Investigador da prestigiada universidade norte-americana de Johns Hopkins, Nathans dedicou-se a perceber a forma como a luz é absorvida pela retina e o seu colega Yau tentou entender como é que esta energia luminosa era convertida em electricidade para chegar ao cérebro. A principal investigação de Nathans já tem 20 anos e consistiu precisamente na identificação dos genes que codificam os três pigmentos existentes na retina e que absorvem as cores vermelho, verde e azul. Estes pigmentos correspondem aos três tipos de foto-receptores em forma de cones que existem na retina humana e que são responsáveis pela visão das cores. Ao lado dos cones existem outros foto-receptores, os bastonetes, que são em muito maior número e que ajudam a distinguir apenas níveis de luz mas não cores. Os cientistas conseguiram isolar estas moléculas e, posteriormente, os genes que as codificam, para finalmente poderem afirmar que estes genes, quando alterados, influenciam a percepção da cor.

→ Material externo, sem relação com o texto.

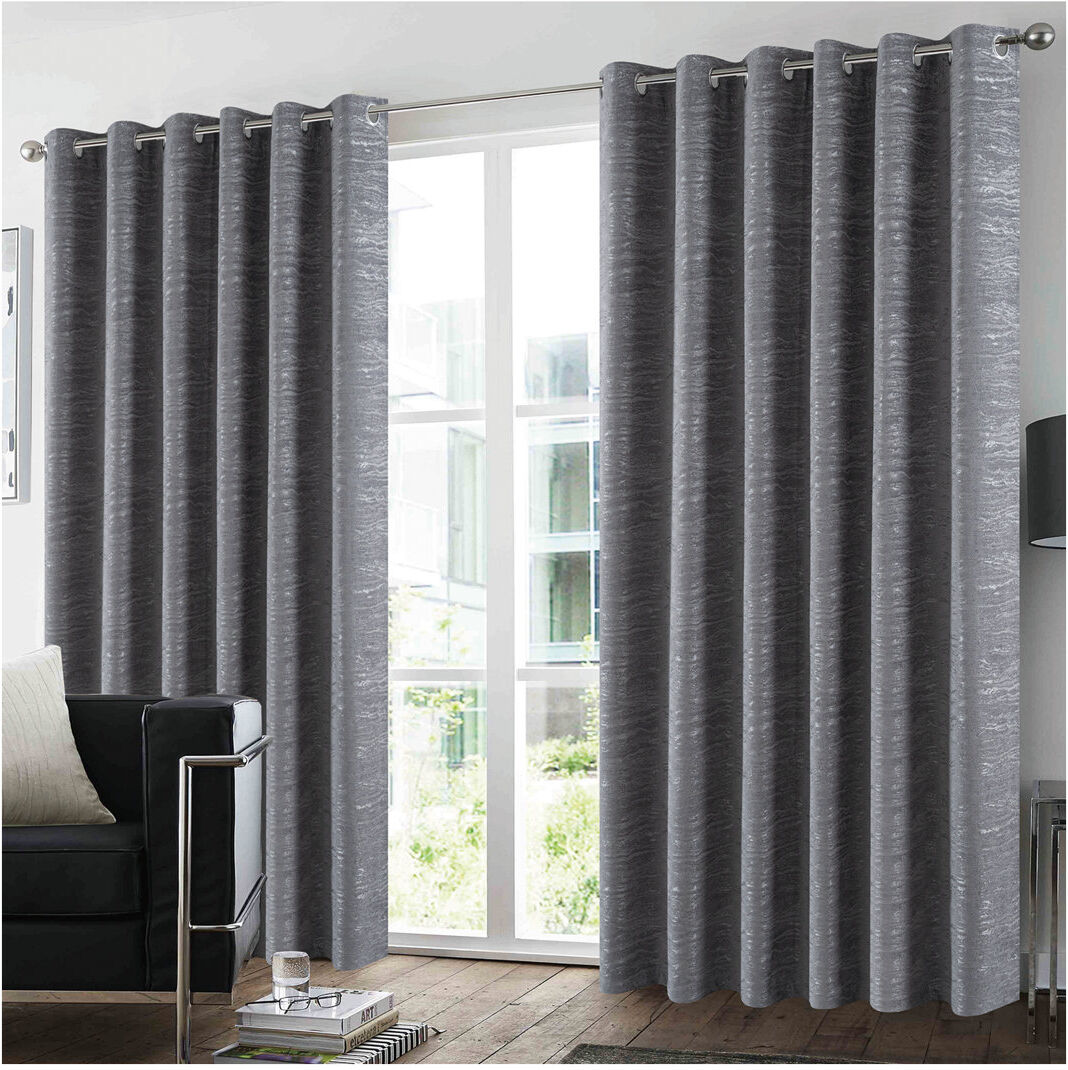 GC GAVENO CAVAILIA Premium Jacquard Blackout Curtains Pair - Light Blocking Window Drapes Noise Reducing Polyester Panels for Living Room Bedroom Décor Grey 228cm Width x 228cm Drop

Agora, Nathans tem tentado perceber como é que esta visão tricromática dos humanos terá evoluído a partir de organismos mais simples como os dos mamíferos inferiores. É que animais como cães, gatos e ratos têm uma visão semelhante à dos daltónicos, já que têm apenas dois sensores de cor e não três. O investigador conseguiu injectar no rato um terceiro tipo de cone e este passou a ver como um humano com uma percepção normal da cor. Para Nathans, o que é surpreendente é que isto não implicou qualquer intervenção no cérebro, o que, além de tornar o procedimento mais simples, mostra que estão no bom caminho para encontrar uma cura para o daltonismo.

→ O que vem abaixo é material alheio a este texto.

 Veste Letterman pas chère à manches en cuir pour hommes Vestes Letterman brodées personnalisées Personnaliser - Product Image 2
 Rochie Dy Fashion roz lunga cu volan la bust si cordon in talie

Mais recentemente foi a vez de a experiência ser realizada em macacos, que partilham o mesmo tipo de visão que uma pessoa sem problemas. No final do ano passado, um grupo de investigadores da Universidade de Washington e da Universidade da Florida, ambas nos Estados Unidos, anunciou que utilizou com sucesso uma terapia genética que foi capaz de curar dois macacos daltónicos. O estudo, conduzido por Jay Neitz e agora publicado na revista Nature, demonstra que os macacos — que nasceram sem distinguir o verde e o vermelho —, depois de lhes terem sido injectados genes com o código de ADN necessário para distinguir as cores, passaram a ser capazes de identificar desenhos vermelhos que apareciam em fundos verdes. Esta terapia resultou de um intenso trabalho de dez anos em que os dois macacos, Dalton e Sam, foram ensinados e treinados para poderem dizer que cores estavam a ver a cada momento.

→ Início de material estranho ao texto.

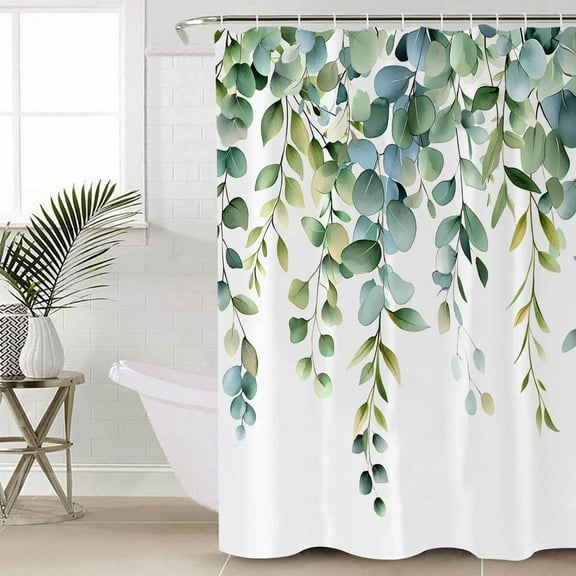 Eucalyptus Green Waterproof Fabric Shower Curtain, Gradient Leaves Retro Watercolor Plant Shower Curtain for Bathroom Curtains Bathtubs Hotel Washable Shower Curtains with 12 Hooks Small 36x72in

Enquanto o ColorAdd não é aplicado, resta a Jorge, Gonçalo, Helena e Pedro o sentido de humor e muita imaginação. Há já também algumas máquinas para cegos que quando colocadas junto a um objecto dizem a sua cor e aplicações para telemóveis com câmara fotográfica que permitem fotografar um objecto e apontar para a zona em que se está com dúvidas sobre a cor. O problema é que estas tecnologias, às vezes, também parecem ter problemas de percepção e um preto e um castanho ou um vermelho e um laranja-escuro podem ser muito parecidos.